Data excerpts
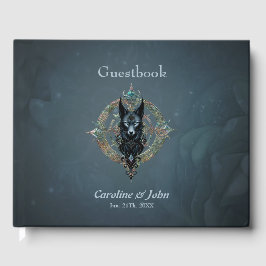 Livro De Visitas Lobos negros com olhos azuis perfurantes,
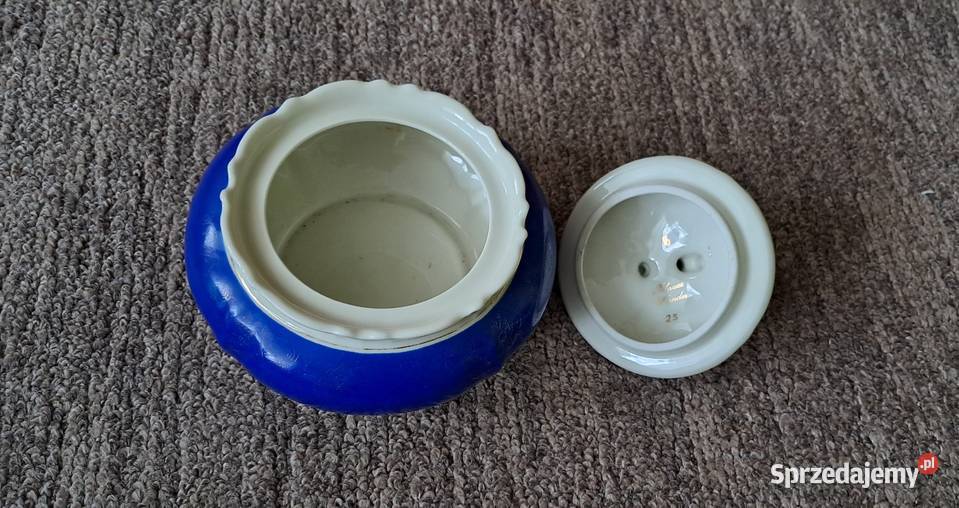 Cukiernica Szkatułka porcelana kobaltowa ALKA Suwałki sprzedam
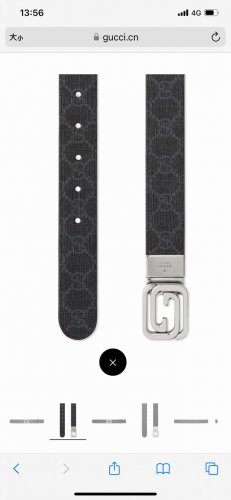 品牌 古驰 Gucci 特 描述 采用高级gucci Signature真皮精制而成，触感厚实，饰以双g商标带扣。腰带为意大利尺寸，请在购买前参阅腰带尺寸指南.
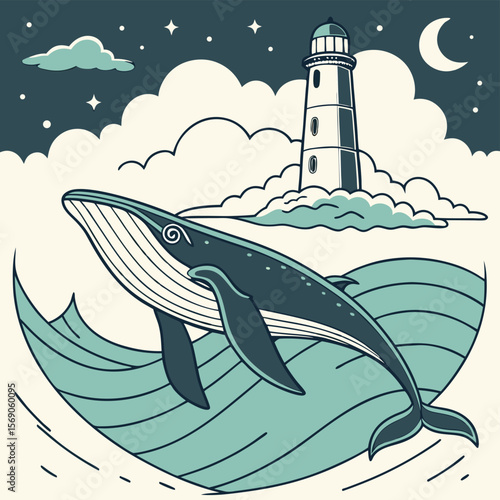 Whale breaching in ocean waves with lighthouse, clouds, moon, and stars in the night sky scene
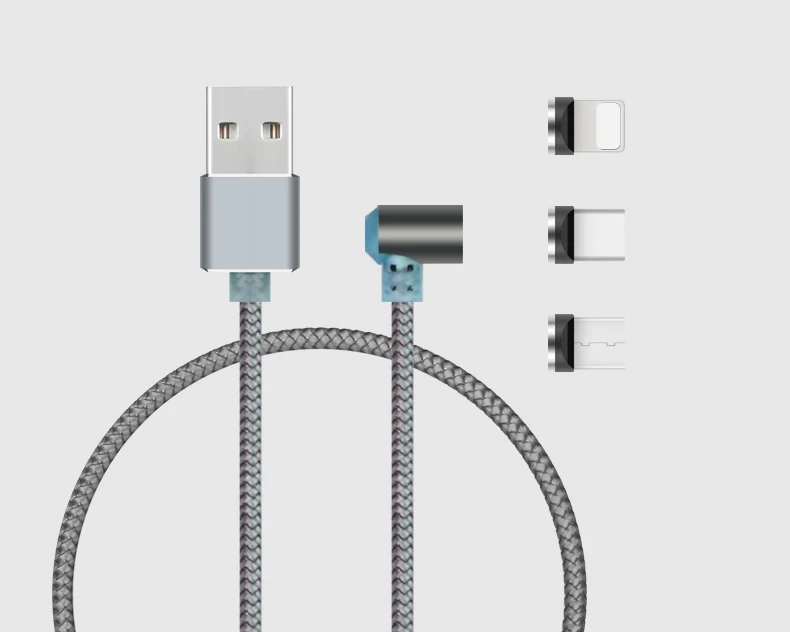 2019 NEW 360 Degree Auto Connect Rotation Charging USB Magnet Braided Round Magnetic Cable For Samsung s7 s8 - ANKUX.COM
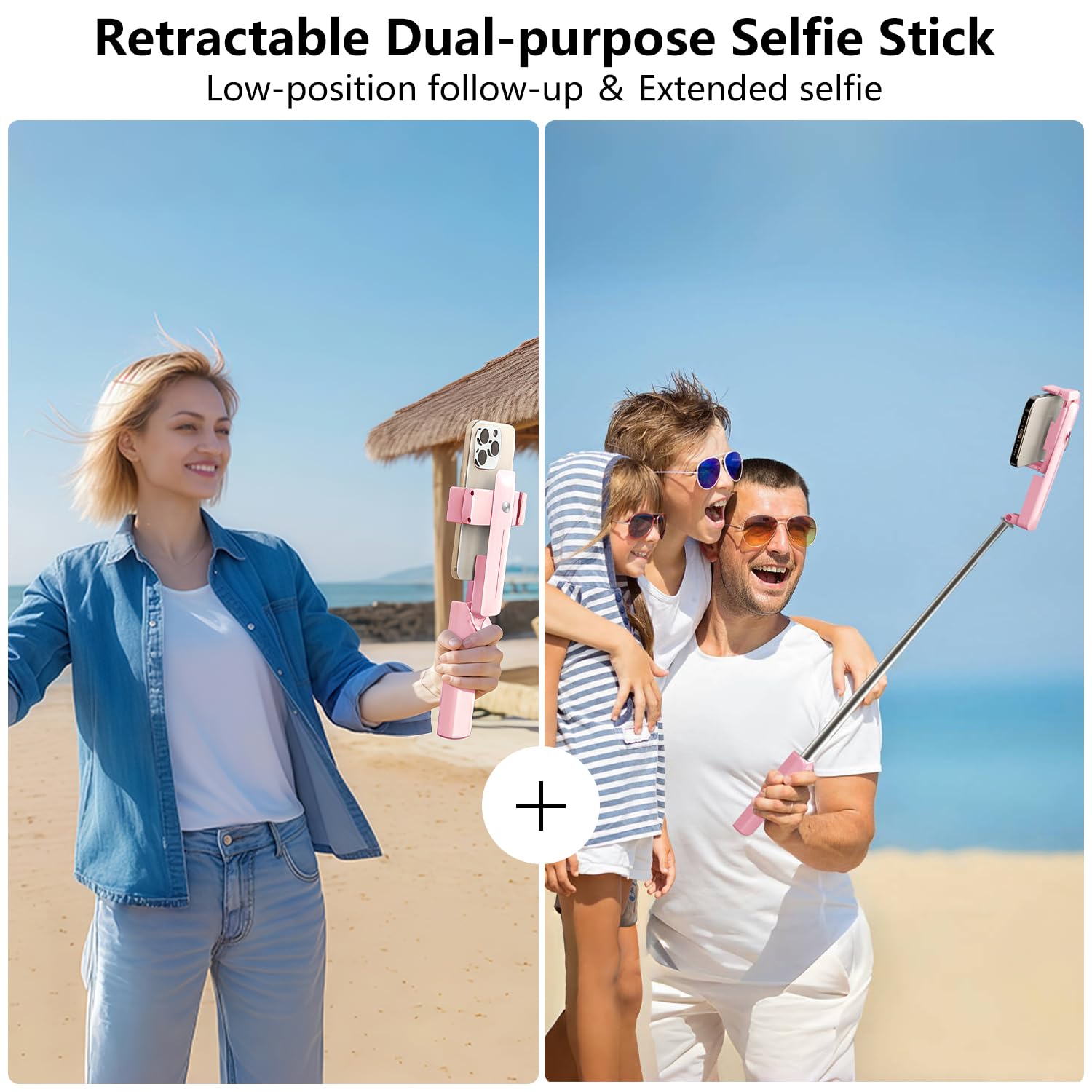 Yayusi Extendable Mini Selfie Stick For Iphone, Pocket Size Portable Selfie Stick With Remote, Compact Phone Selfie Sticks With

● Problem statement
Skip every picture. Repeat word for word the lines from the line holding "Whale breaching in" through the end of the entries above.

● Reply
 Whale breaching in ocean waves with lighthouse, clouds, moon, and stars in the night sky scene
 2019 NEW 360 Degree Auto Connect Rotation Charging USB Magnet Braided Round Magnetic Cable For Samsung s7 s8 - ANKUX.COM
 Yayusi Extendable Mini Selfie Stick For Iphone, Pocket Size Portable Selfie Stick With Remote, Compact Phone Selfie Sticks With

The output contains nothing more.